**Action item**
Using the data below, reproduce exactly the lines from the line with "Vimie Velvet Blue Jacket Size S" to the line with "Ozono: come può", both included; pictures must be dropped.

**Recorded information**
○ ○ ○

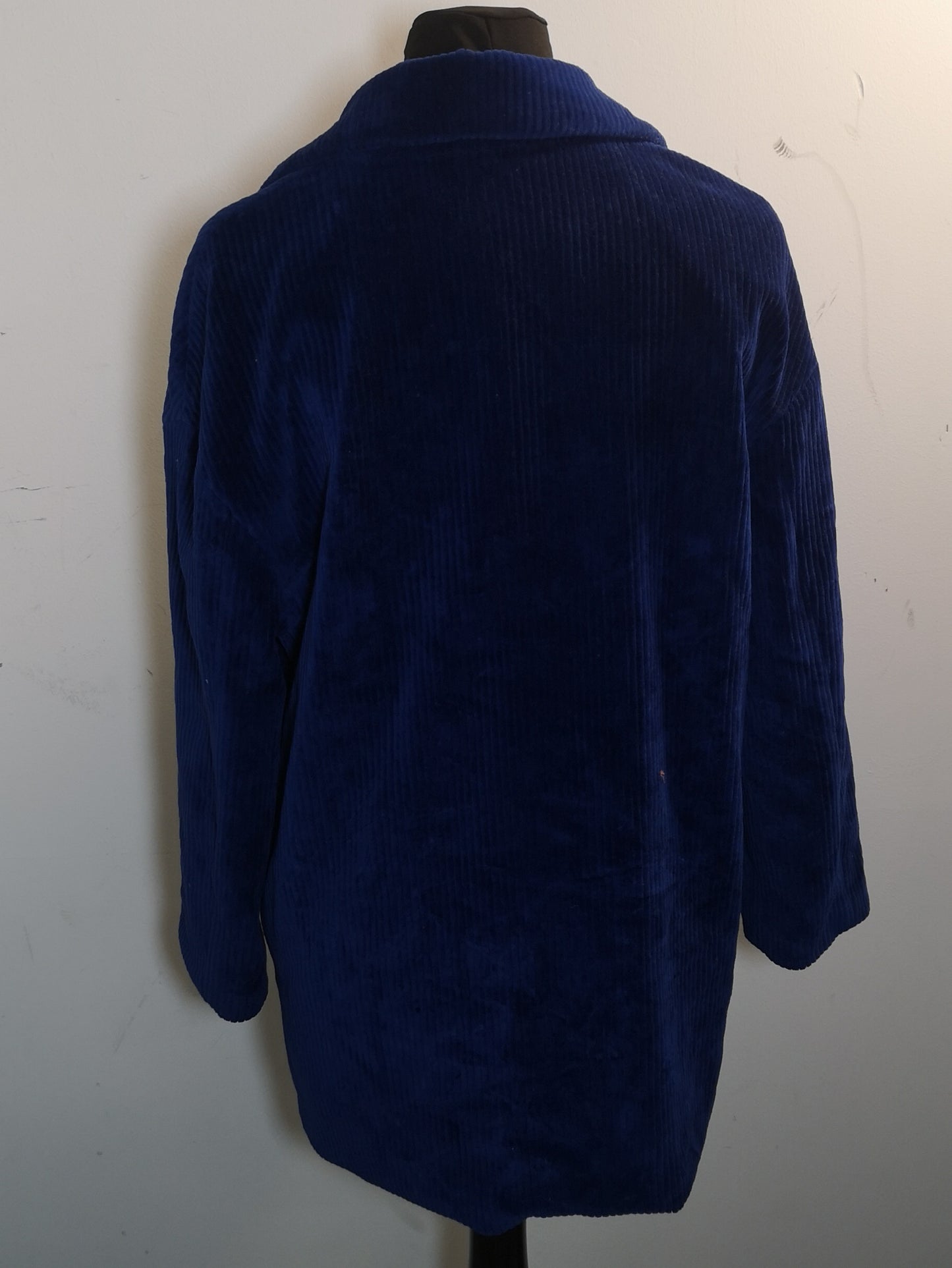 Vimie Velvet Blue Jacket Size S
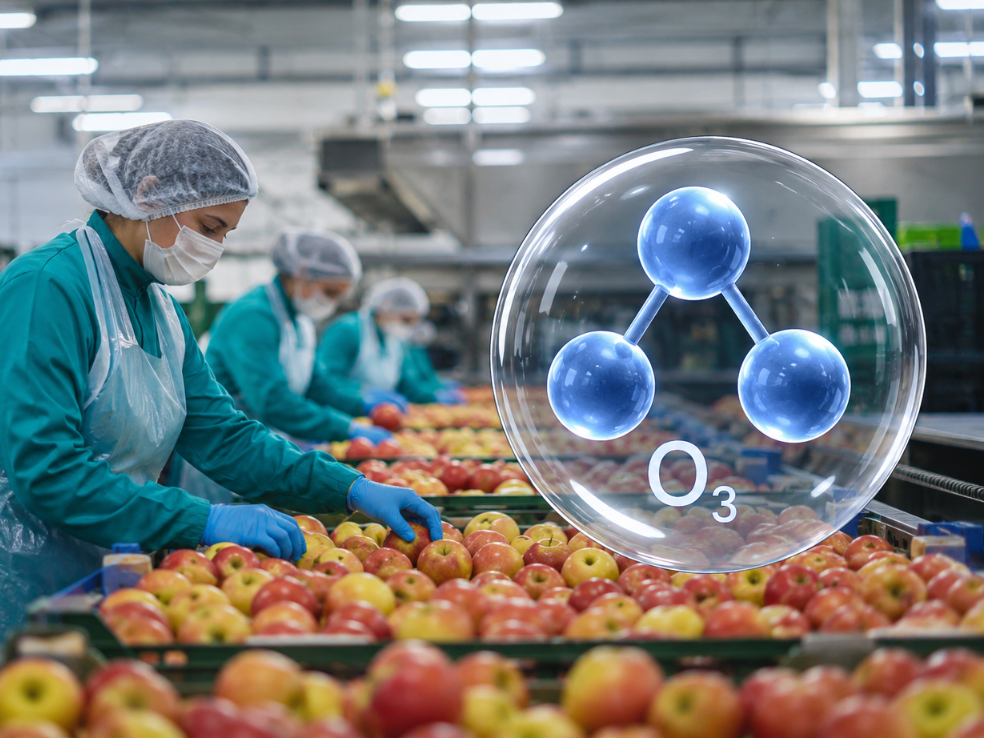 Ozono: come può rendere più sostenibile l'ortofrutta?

○ ○ ○

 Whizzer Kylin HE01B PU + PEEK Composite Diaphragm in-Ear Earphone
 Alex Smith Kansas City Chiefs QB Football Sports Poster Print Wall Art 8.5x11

○ ○ ○

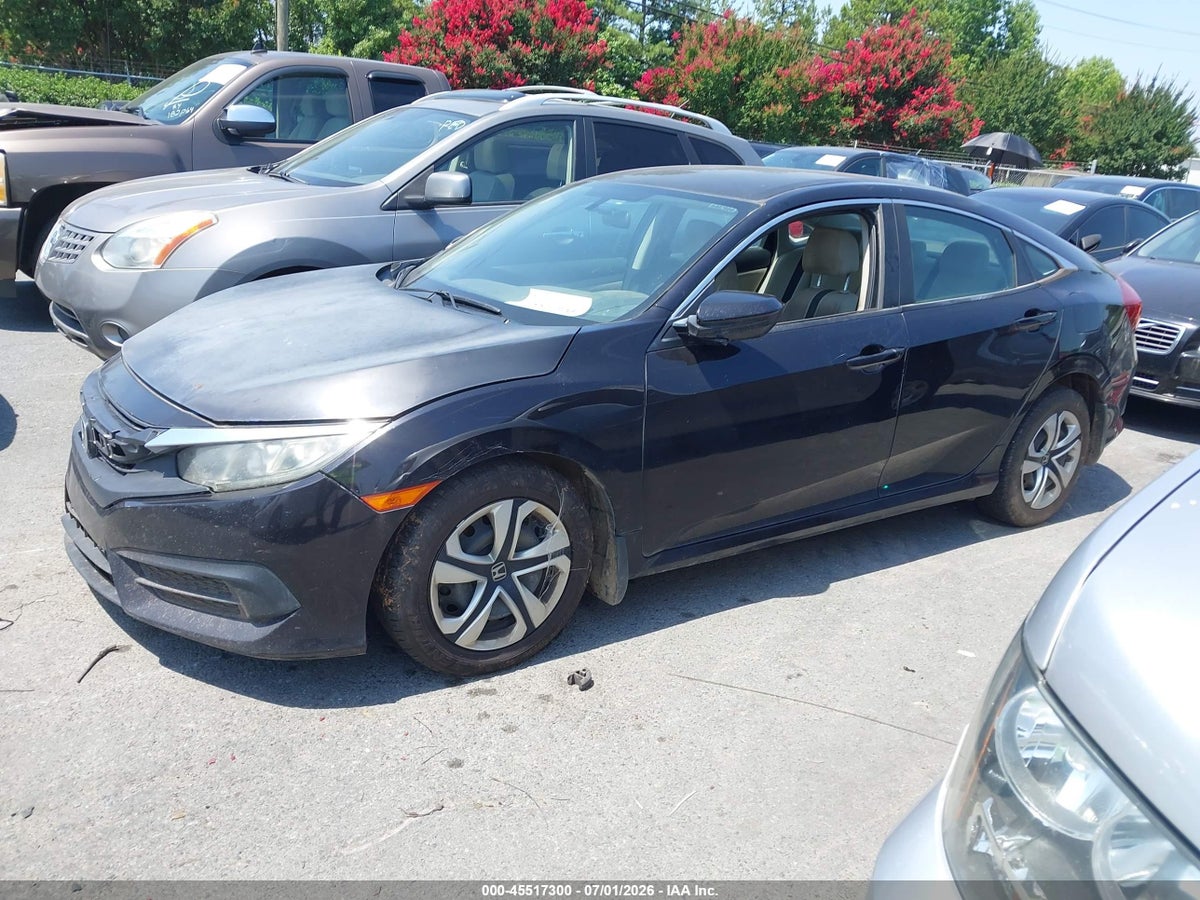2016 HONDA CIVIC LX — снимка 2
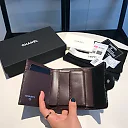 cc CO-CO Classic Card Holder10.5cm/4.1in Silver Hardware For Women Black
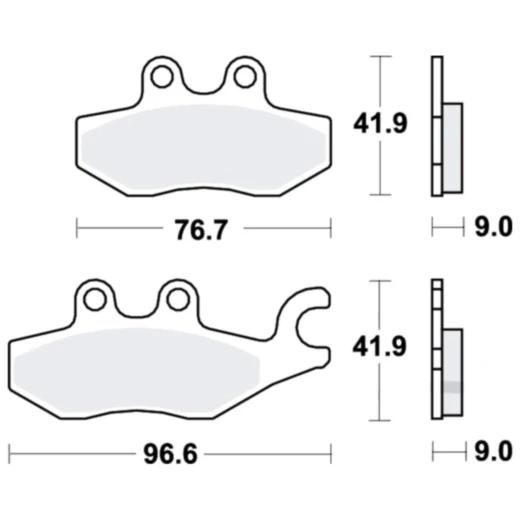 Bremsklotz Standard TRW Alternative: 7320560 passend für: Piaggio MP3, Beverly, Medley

○ ○ ○

**Result of the task**
 Vimie Velvet Blue Jacket Size S
 Ozono: come può rendere più sostenibile l'ortofrutta?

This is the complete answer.